Exceeding the recommended maximum dosage puts you at an increased risk of experiencing severe side effects.                                                                           

Note: It is important to rinse your mouth after inhaling a dose. This helps prevent oral infections.

Side Effects

As with any medication, there are many side effects that a person may experience when taking Symbicort.
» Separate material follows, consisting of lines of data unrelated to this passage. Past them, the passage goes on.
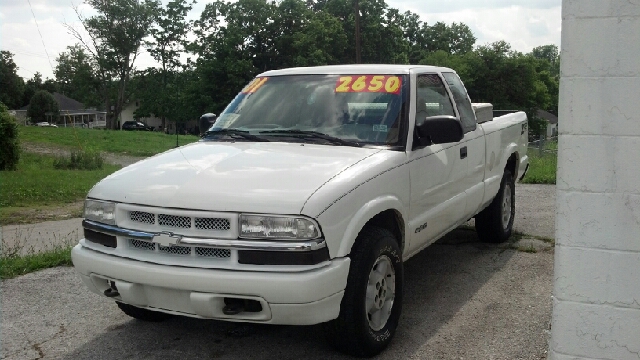 2000 Chevrolet S10 Pickup Handicap Lift And Control Leg 1 Owner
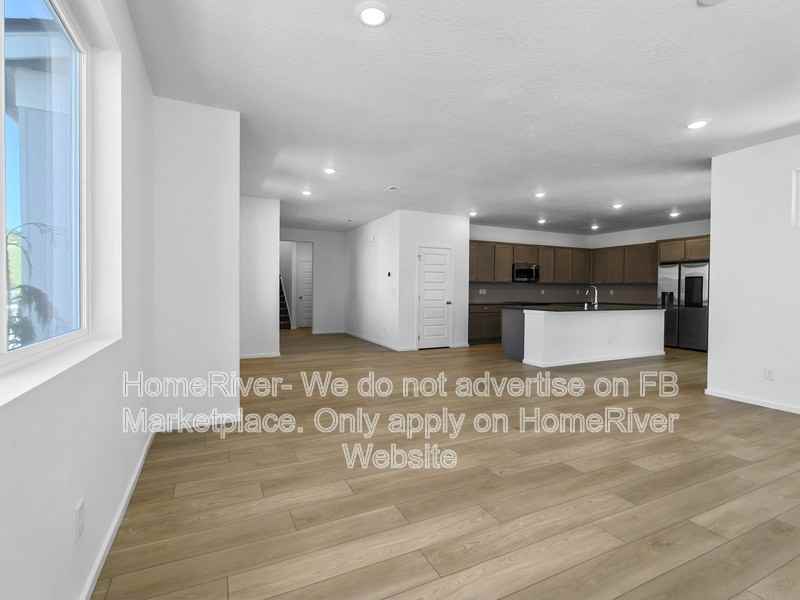 24630 E Short Tail Ln - Photo 4 of 21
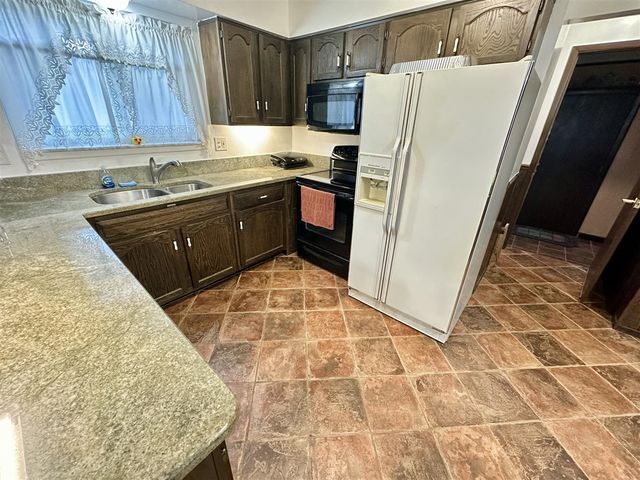 18975 Bainbridge Avenue, Livonia, MI 48152
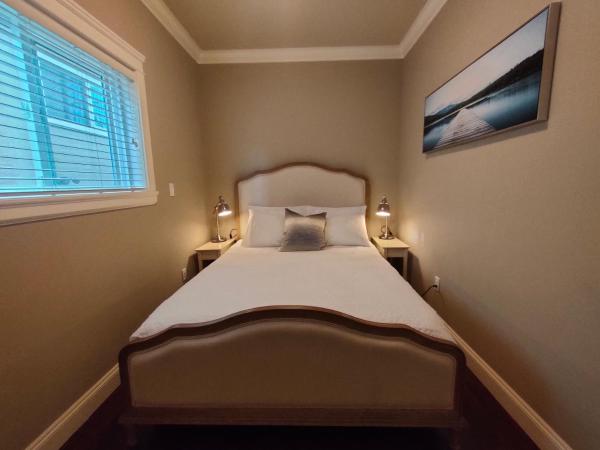 Rare Find Exquisitely New Quiet & Safe Skytrain Home : photo 9 de la chambre suite 2 chambres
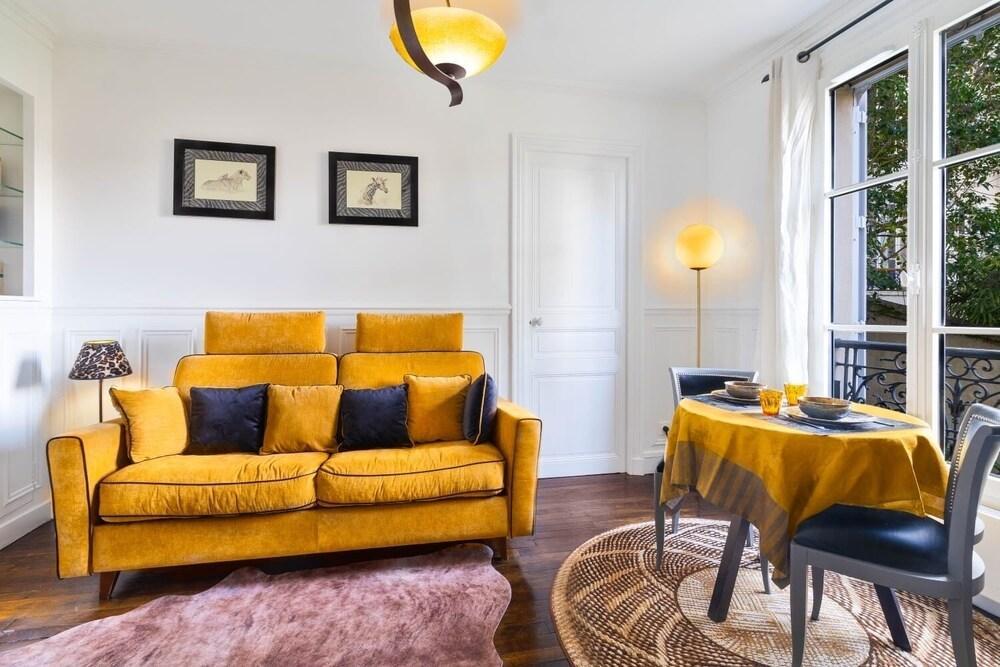 Charming flat in old Paris - Tap to explore photos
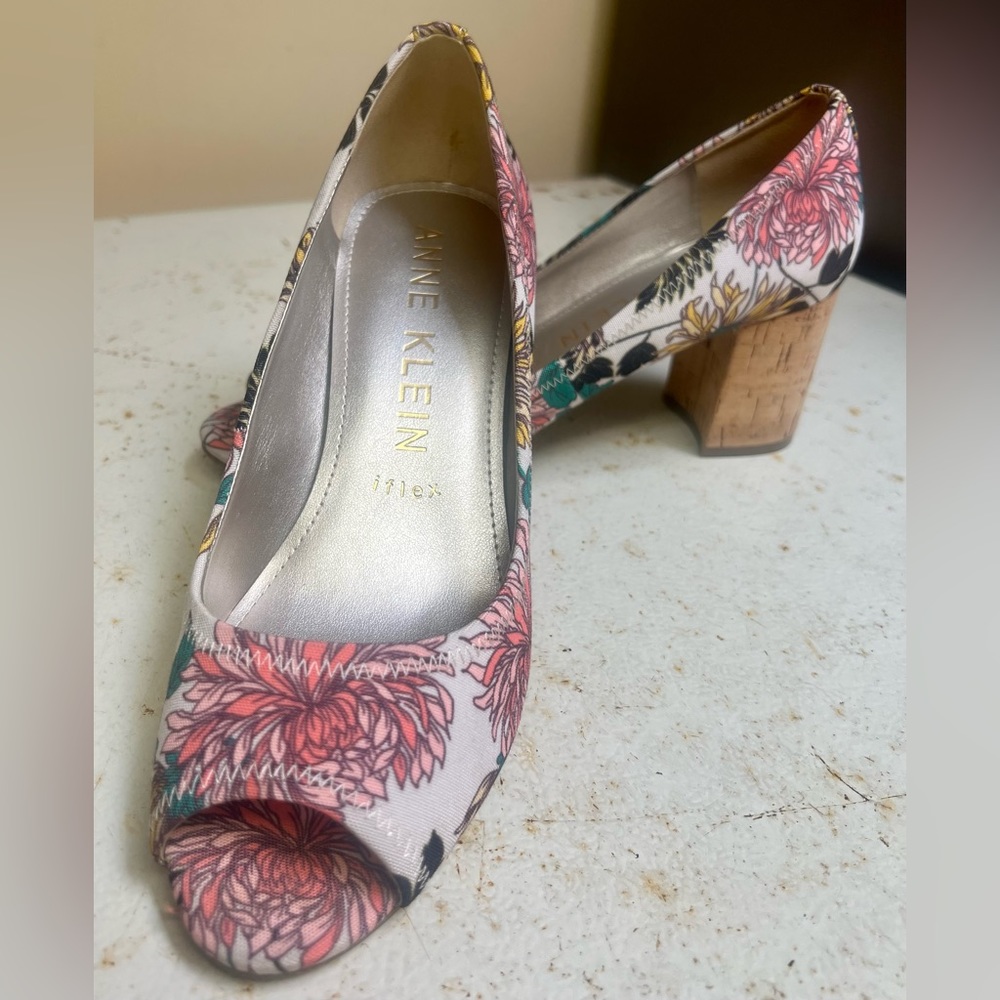ANNE KLEIN IFLEX, MEREDITH, PEEP TOE, DRESS PUMPS PRINTED NWOT SIZE 8M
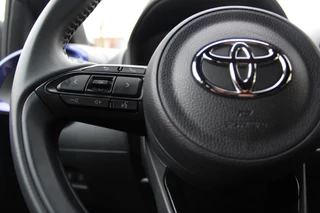 Toyota Aygo X PULSE APPLE/ANDROID STOELVERWARMING KEYLESS CAMERA CLIMA 17"LMV EL-SPIEGELS PRIVACY-GLASS / 8
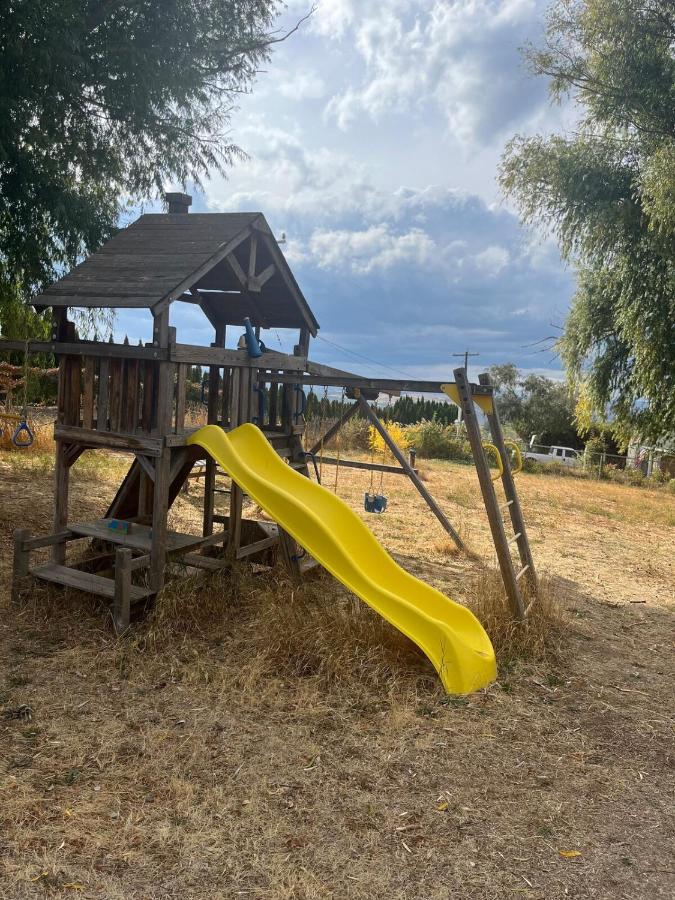 Hilltop Orchard Guest Suite with Scenic View - B&B Yakima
These side effects can either be mild or severe.

Mild Side Effects

These are very common to experience and often go away within a few days of using the drugs. They may include:

● Pain when speaking and trouble speaking

● Back pain

● Headache

● Nausea or vomiting

● Upper respiratory tract infection, such as the common cold, flu, bronchitis, or sinusitis

● Nasal congestion

● Stomach discomfort

● Oral thrush (a yeast infection in your mouth)

Serious Side Effects

These aren’t that common to experience, but there is a possibility of it happening. They can include:


● Serious asthma-related events
● Nervous system problems
● Decreased growth in children
● Decrease in bone density
● Pneumonia
● Cardiovascular problems
● Bronchospasm
● Increased cortisol levels and decreased function of the adrenal glands
● High blood sugar level
● Increased risk of infection
● Eosinophilia (high level of certain white blood cells)
● Low levels of potassium in the blood

Which is Better; Trelegy or Symbicort?

study compared Trelegy and Symbicort over the course of 24 weeks, where standard doses of each medication were given to patients suffering from respiratory diseases.

A questionnaire designed to measure overall health, daily life, and perceived well being in patients with obstructive airways disease, known as St. George’s Respiratory Questionnaire (SGRQ), showed that 50% of patients taking Trelegy responded to the survey and reported life improvement, compared to 41% of the patients taking Symbicort.

Patients taking Trelegy also showed significant improvement in lung functioning compared to patients taking Symbicort.

The study also showed that COPD patients that were treated with Trelegy showed a 35% decrease in exacerbations and also had to be hospitalized less often compared to patients treated with Symbicort.


Trelegy is by far the best lung drug on the market to treat severe respiratory diseases like COPD and asthma. Unlike other inhaler medications that have to be multiple times a day, Trelegy only has to be taken once a day. Trelegy is the only Bronchodilator combination on the market to combine three different medications, unlike other Bronchodilator combinations that combine two.

The medication has also been shown to be ahead of all the available lung-related drugs in results and effectiveness, according to a recently conducted study.

Because Trelegy is a breakthrough medicine compared to typical Bronchodilator combinations, it doesn’t have any competition; this makes the drug far more expensive than any other respiratory drug on the market.

The availability of Trelegy does not lessen the potency of Symbicort, as the latter is still a very effective drug and is far cheaper and more accessible than Trelegy.

Only when Symbicort is compared side by side to Trelegy is when it falls short. Still, most people would be satisfied with using Symbicort for their long-term treatment, but if you have the budget for Trelegy, then it would be a good idea to invest in it.